Project 17: Ballistics and Trigonometry Simulator
A self-contained deep-dive from the canonical Math from Foundations to Machine Learning curriculum.
- Difficulty: Beginner-Intermediate
- Time: 8-14 hours
- Language: Python (alternatives: JavaScript, C++)
- Prerequisites: Projects 5 and 16
- Source:
HS P03
What You Will Build
Build a deterministic projectile-motion simulator for a constant-gravity, no-air-resistance world. Accept launch speed, angle, initial height, gravitational acceleration, and time step with explicit units. Decompose the launch velocity with sine and cosine, compute analytic position, flight time, horizontal range, and maximum height, then independently advance the state with fixed discrete time steps. Plot the trajectory and velocity components, interpolate the landing event between samples, and report analytic-versus-simulated error as the step size changes.
Real World Outcome
A command such as --speed 30 --angle 45 --height 2 --dt .02 prints initial velocity components, predicted apex, flight time, and range; saves a labeled trajectory; and tabulates simulation errors. A step-size sweep visibly converges toward the analytic solution. Impossible or ambiguous inputs—negative speed, nonpositive gravity, unsupported units—fail with deterministic messages.
Core Question
How do trigonometric components and constant-acceleration equations predict a curved trajectory, and what error appears when continuous motion is sampled in discrete time?

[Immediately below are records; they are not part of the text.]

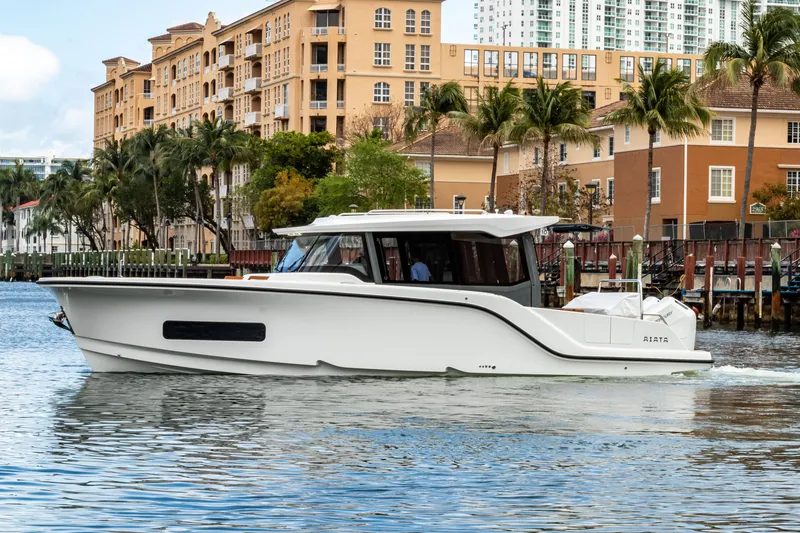 Slide: The Image of Aiata Wayfinder 38 Cabin 2026 on water with urban backdrop. - 4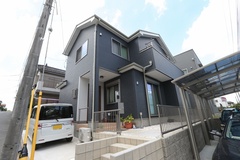 現代的なデザインの住宅。ダークカラーの外壁が特徴的で、洗練されたスタイルを演出している。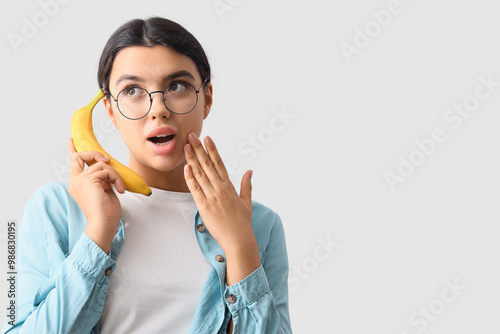 Surprised young woman with ...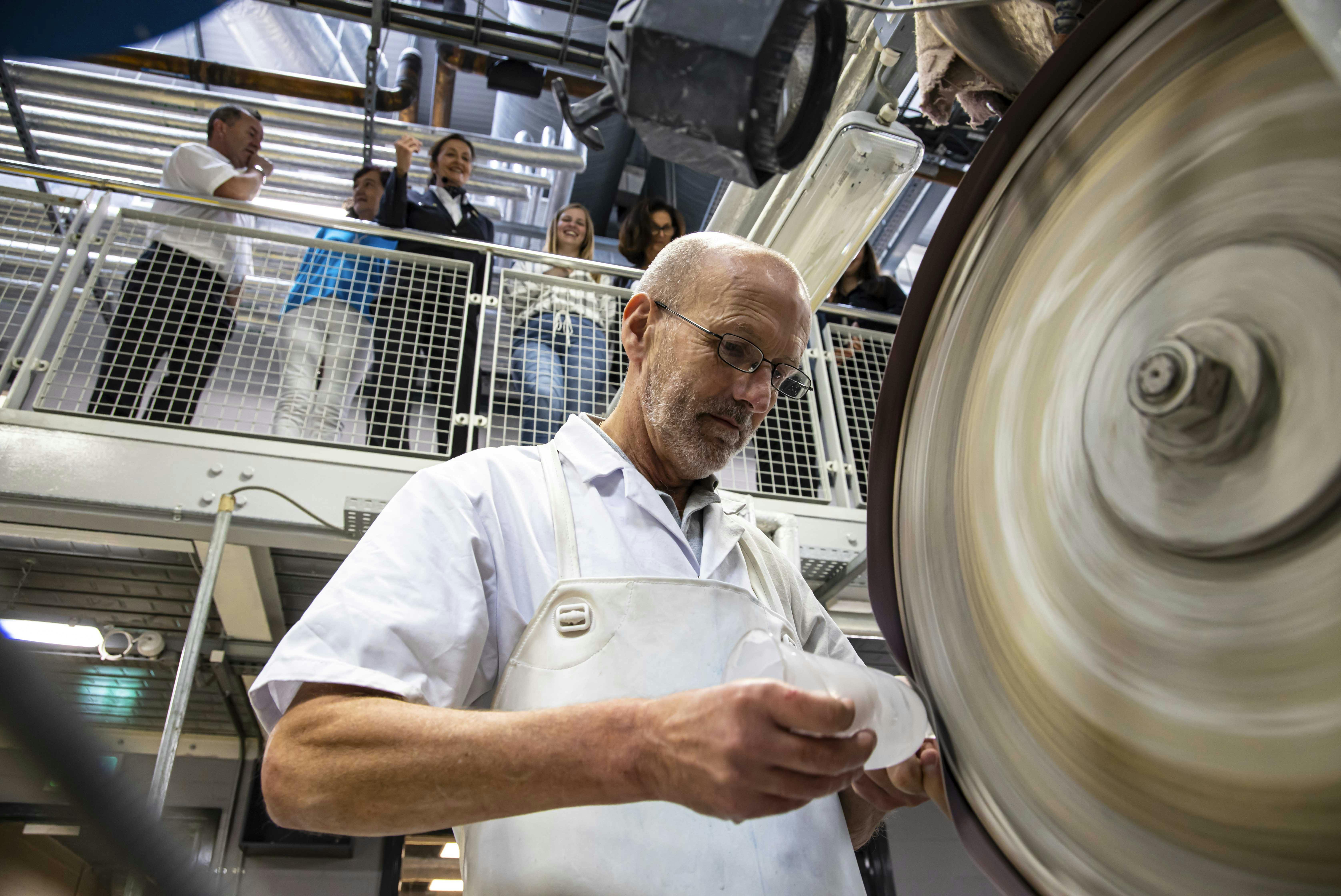 身穿白色外套的秃头男子与机器一起工作，而一群人则从上面的阳台上观察。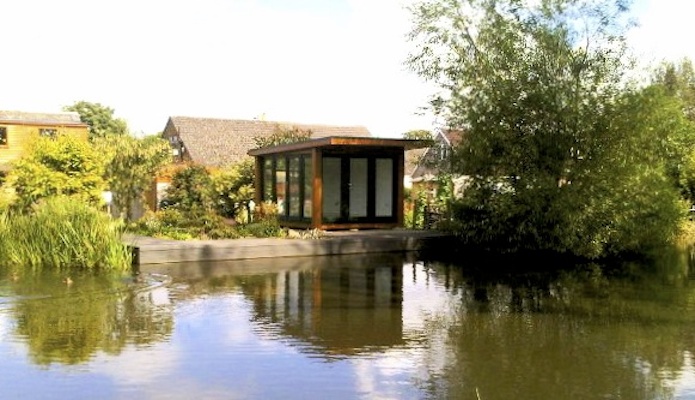 Garden room overlooking a canal with swans passing by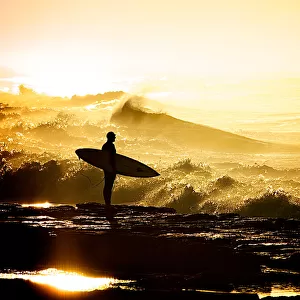 Surfer holding surfboard on rocks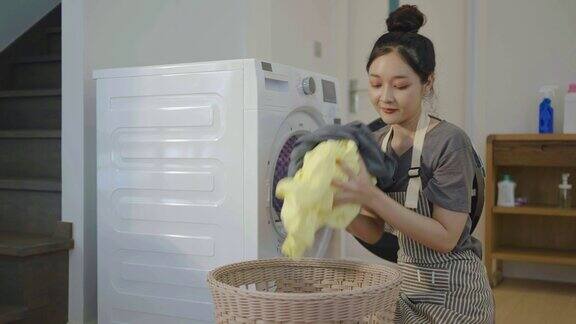 快乐的年轻亚洲妇女从洗衣机里取出干净的衣服把衣服放进篮子里疲惫的家庭主妇在工作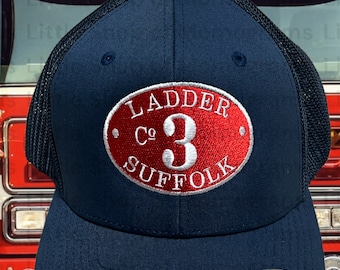 May include: Navy blue Flexfit hat with a mesh back. The front features a red oval patch with white text that reads "LADDER Co 3 SUFFOLK". The hat has a curved brim and the Flexfit logo.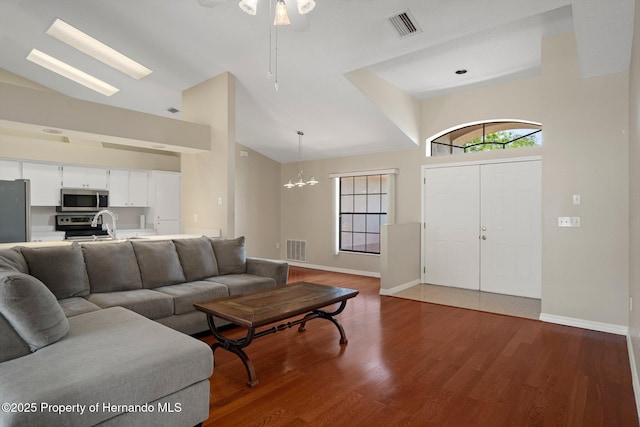living room with visible vents, ceiling fan with notable chandelier, wood finished floors, and high vaulted ceiling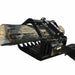 Black Loflin Mini Skid Steer Root Grapple holding a log on a white background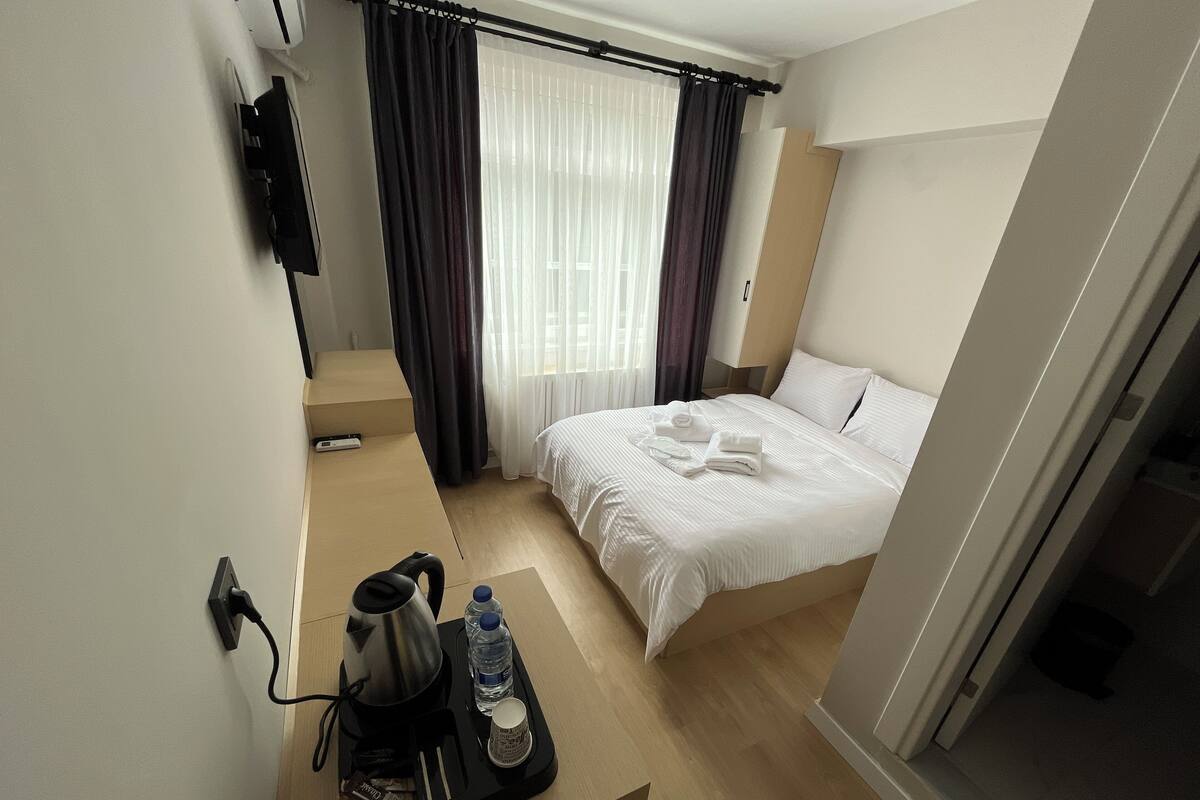 Ein Hotelzimmer mit einem Bett, einer Kaffeemaschine, einer Wasserflasche und einem Tablett mit Handtüchern.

Concepts You Must Understand First
- Unit-circle trigonometry: horizontal and vertical components are
v cos θandv sin θ. - Position, velocity, and acceleration: gravity changes vertical velocity at a constant rate.
- Projectile equations:
x=x0+vxtandy=y0+vyt-(g/2)t^2form a parabola. - Quadratic root selection: landing time is the meaningful future root of
y(t)=0. - Time stepping and interpolation: a simulated point may pass below ground between samples.
Build Milestones
- Validate parameters/units and derive horizontal and vertical velocity components.

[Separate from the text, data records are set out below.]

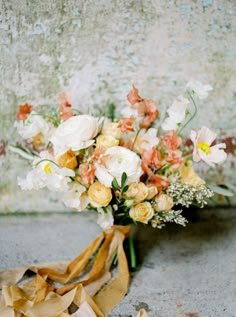 a bouquet of flowers sitting on the ground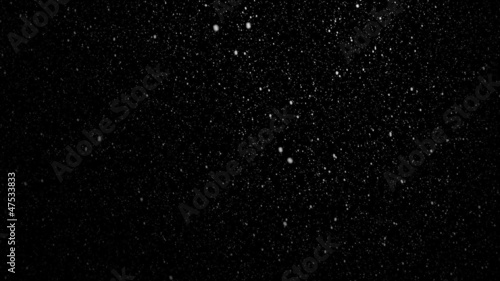 Snow, isolated on black background, loop photo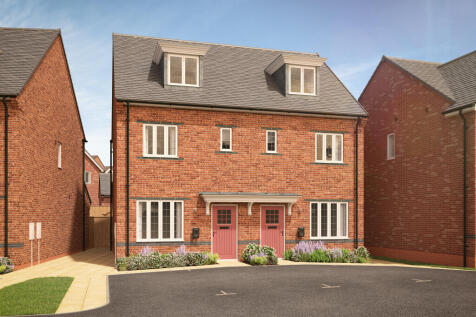 A pair of modern brick townhouses with pink doors and dormer windows stand in the foreground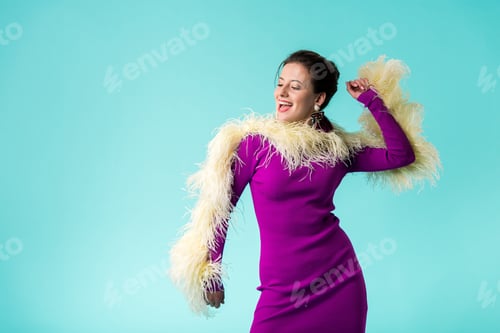 Preview: excited party girl in purple dress with feathers dancing isolated on turquoise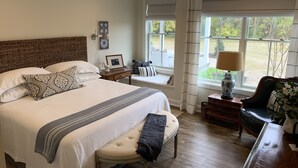 A bedroom with a large bed, a bedside table with a lamp, a window with curtains, and a view of the outdoors. - The Farmhouse (Hammonton)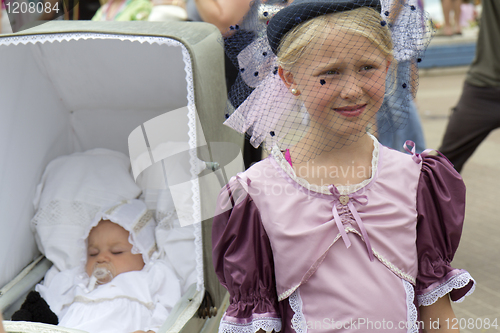 Image of A girl and a baby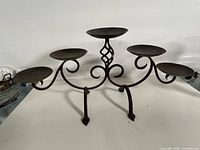 Front view of wrought iron candelabra showing five plates and scroll design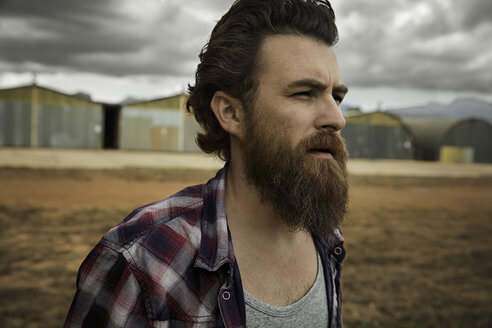 Serious man with full beard in abandoned landscape - KOF000040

- Implement analytic position, apex, landing time, and range with edge-case classification.
- Implement fixed-step simulation and stop/interpolate at ground crossing.

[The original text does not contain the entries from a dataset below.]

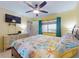 This bedroom has a ceiling fan, a mounted flat screen TV, and nice natural lighting at 4141 S Atlantic Ave # 605, New Smyrna Beach, FL 32169
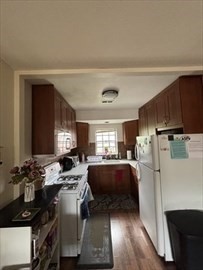 a kitchen with refrigerator and window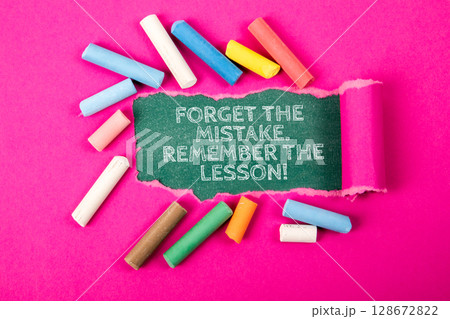 Inspirational Quote About Learning from Mistakes Surrounded by Colorful Chalk on Pink Background 128672822
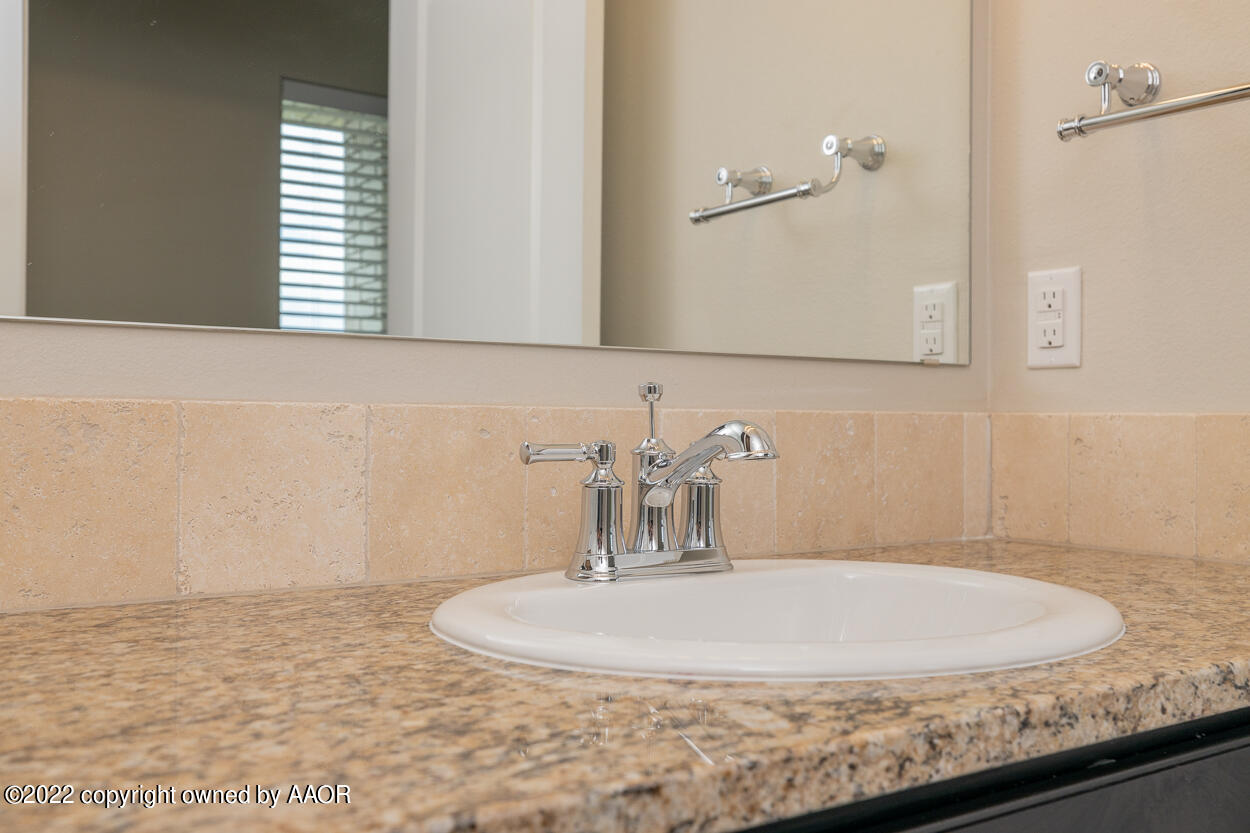 2600 Daybreak Lane Amarillo, TX 79124 - Photo 35 of 36 a bathroom with a sink and a mirror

- Plot trajectory and component/time graphs; annotate launch, apex, and landing.
- Run step-size sweeps and compare metrics against analytic references.
Hints in Layers
- Solve the vertical quadratic for time and select the largest nonnegative root.
- Keep analytic and simulated implementations separate so one can validate the other.
- When consecutive y values straddle zero, linearly interpolate the final time/x instead of accepting a below-ground sample.
Common Pitfalls and Debugging
- Symptom: a 45-degree shot travels almost nowhere. Cause: degrees were passed directly to radian trig functions. Fix: convert once at input and test cardinal angles.
- Symptom: the simulated range jumps as
dtchanges. Cause: landing was rounded to the first below-ground point. Fix: interpolate the crossing and report residual error. - Symptom: initial height produces the wrong flight time. Cause: a ground-launch shortcut was used. Fix: solve the full vertical equation.
Definition of Done
- Inputs use explicit units and enforce valid ranges.
- Analytic metrics match hand-computed baseline cases.
- Simulation tracks position/velocity and interpolates landing.
- Plots label launch, apex, landing, axes, and units.
- Step-size experiments demonstrate and quantify convergence.
- Documentation states the no-drag/flat-ground assumptions.